## Task
Wherever the string "Silk" shows up in the data below, copy the whole line.

BEGIN

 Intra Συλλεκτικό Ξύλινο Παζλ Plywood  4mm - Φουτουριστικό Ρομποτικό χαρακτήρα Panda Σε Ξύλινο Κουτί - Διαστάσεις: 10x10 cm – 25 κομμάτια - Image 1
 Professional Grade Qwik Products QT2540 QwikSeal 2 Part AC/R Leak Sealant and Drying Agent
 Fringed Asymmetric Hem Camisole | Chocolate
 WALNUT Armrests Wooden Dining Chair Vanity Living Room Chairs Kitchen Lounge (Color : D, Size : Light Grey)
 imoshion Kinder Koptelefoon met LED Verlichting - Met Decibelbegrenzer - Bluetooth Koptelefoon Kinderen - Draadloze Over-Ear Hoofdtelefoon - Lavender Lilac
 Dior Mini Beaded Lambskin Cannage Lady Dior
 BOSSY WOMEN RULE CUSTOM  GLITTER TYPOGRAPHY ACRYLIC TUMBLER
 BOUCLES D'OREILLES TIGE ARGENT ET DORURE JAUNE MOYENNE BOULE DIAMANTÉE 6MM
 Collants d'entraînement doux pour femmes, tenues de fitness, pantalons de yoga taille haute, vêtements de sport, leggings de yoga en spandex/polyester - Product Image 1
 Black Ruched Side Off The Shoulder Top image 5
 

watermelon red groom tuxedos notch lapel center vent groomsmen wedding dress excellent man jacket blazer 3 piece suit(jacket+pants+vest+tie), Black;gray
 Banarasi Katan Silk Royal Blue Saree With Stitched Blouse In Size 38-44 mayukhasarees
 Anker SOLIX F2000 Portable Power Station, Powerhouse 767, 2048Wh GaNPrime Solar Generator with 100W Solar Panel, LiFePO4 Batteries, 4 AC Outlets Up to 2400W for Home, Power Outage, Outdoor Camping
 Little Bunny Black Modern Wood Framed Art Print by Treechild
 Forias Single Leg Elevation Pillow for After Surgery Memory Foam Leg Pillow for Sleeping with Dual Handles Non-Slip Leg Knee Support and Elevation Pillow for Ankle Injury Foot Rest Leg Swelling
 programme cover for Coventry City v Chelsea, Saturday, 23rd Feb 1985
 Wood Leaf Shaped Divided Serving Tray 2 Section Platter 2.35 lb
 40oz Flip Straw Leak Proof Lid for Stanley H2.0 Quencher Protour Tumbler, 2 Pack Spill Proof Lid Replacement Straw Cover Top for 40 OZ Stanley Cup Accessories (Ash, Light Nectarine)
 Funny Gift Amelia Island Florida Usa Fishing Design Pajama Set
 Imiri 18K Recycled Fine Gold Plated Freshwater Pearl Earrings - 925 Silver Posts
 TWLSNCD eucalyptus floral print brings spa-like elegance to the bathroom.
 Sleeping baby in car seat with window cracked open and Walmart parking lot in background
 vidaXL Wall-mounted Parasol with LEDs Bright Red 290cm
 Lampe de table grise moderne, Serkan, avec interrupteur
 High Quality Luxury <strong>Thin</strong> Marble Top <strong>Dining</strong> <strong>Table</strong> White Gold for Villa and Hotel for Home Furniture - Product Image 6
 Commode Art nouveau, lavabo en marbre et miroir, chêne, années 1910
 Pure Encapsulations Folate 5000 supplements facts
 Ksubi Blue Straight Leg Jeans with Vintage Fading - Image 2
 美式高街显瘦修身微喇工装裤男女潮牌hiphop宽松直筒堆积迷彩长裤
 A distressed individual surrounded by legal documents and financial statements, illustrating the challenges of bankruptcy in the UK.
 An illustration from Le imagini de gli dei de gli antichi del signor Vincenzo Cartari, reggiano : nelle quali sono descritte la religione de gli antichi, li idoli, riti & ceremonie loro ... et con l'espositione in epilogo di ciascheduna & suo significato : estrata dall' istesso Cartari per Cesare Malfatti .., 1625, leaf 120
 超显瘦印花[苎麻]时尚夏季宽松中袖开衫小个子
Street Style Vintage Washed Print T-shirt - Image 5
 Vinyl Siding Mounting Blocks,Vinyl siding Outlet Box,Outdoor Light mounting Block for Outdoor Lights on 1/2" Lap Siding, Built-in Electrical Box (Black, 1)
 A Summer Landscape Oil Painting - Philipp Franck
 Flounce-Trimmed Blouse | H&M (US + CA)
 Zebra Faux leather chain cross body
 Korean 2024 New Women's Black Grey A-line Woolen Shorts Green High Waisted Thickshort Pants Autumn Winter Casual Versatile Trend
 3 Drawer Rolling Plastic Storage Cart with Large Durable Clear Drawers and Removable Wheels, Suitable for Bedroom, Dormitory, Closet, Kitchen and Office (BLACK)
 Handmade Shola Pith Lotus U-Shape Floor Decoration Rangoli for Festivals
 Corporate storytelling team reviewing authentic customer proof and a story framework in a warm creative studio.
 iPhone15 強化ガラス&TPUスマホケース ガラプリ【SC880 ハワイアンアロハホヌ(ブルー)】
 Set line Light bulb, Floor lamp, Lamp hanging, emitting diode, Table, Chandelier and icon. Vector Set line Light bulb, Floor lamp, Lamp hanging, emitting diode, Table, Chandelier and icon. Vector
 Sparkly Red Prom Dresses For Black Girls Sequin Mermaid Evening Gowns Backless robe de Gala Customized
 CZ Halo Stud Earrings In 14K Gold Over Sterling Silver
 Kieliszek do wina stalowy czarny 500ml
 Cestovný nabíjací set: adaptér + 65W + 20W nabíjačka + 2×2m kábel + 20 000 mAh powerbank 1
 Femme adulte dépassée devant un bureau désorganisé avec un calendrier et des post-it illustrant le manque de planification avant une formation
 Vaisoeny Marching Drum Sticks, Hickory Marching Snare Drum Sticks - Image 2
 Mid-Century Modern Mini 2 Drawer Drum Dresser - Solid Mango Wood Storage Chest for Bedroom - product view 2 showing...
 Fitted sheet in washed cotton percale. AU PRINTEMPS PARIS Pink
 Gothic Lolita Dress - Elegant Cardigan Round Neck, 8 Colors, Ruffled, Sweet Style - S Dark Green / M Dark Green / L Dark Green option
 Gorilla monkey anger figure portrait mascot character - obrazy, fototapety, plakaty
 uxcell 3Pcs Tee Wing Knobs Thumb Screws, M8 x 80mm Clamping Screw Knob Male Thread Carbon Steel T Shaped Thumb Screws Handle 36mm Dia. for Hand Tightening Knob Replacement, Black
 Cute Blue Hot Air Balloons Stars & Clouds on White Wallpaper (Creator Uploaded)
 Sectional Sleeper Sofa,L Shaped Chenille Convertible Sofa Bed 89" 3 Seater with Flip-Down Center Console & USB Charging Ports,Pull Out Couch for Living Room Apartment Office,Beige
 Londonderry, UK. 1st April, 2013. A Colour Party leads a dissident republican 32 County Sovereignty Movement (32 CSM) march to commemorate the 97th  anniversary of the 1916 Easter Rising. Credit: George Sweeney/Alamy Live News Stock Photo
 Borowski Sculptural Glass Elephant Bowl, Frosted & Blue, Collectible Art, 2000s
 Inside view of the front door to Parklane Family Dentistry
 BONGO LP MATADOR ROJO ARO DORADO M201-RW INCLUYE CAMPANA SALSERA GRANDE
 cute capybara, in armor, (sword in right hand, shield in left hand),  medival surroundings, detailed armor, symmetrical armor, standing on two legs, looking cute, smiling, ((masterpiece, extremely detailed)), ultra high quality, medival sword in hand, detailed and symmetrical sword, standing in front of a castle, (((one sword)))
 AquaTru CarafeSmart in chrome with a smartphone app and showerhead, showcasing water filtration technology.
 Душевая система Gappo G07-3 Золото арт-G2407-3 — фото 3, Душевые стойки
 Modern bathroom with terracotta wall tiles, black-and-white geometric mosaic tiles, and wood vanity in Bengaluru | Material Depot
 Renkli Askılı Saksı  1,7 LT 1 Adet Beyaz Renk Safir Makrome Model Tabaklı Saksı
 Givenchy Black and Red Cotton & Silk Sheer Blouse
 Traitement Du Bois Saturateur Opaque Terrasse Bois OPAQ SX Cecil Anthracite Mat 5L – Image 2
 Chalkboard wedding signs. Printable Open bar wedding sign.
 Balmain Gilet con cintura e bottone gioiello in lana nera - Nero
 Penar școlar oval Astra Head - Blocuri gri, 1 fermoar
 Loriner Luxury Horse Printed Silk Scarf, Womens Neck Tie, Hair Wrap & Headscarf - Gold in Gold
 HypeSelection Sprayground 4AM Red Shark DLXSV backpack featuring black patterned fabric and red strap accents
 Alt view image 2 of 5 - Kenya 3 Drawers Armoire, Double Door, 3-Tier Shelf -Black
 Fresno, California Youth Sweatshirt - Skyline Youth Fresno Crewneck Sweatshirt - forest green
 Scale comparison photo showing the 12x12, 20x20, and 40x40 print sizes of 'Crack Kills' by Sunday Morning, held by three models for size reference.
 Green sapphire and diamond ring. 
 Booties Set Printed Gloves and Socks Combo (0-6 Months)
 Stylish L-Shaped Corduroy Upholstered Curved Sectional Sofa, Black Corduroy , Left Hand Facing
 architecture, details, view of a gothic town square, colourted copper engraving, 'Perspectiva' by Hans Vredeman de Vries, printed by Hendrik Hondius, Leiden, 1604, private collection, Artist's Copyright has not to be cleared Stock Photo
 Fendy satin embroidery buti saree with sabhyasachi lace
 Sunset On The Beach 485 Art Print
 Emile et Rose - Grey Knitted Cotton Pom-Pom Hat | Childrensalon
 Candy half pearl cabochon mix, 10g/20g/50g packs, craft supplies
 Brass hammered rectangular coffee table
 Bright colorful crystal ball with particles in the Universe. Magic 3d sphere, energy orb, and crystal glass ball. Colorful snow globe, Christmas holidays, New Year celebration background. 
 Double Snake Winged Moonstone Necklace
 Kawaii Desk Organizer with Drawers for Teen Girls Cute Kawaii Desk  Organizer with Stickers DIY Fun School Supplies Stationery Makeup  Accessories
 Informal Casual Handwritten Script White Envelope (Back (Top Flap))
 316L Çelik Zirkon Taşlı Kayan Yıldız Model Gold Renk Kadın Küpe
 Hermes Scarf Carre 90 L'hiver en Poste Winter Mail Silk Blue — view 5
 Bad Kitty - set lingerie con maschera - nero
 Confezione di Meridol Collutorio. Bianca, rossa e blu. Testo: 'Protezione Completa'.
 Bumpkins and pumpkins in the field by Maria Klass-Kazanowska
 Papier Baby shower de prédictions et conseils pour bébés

END

## Task solution
 Banarasi Katan Silk Royal Blue Saree With Stitched Blouse In Size 38-44 mayukhasarees
 Givenchy Black and Red Cotton & Silk Sheer Blouse
 Loriner Luxury Horse Printed Silk Scarf, Womens Neck Tie, Hair Wrap & Headscarf - Gold in Gold
 Hermes Scarf Carre 90 L'hiver en Poste Winter Mail Silk Blue — view 5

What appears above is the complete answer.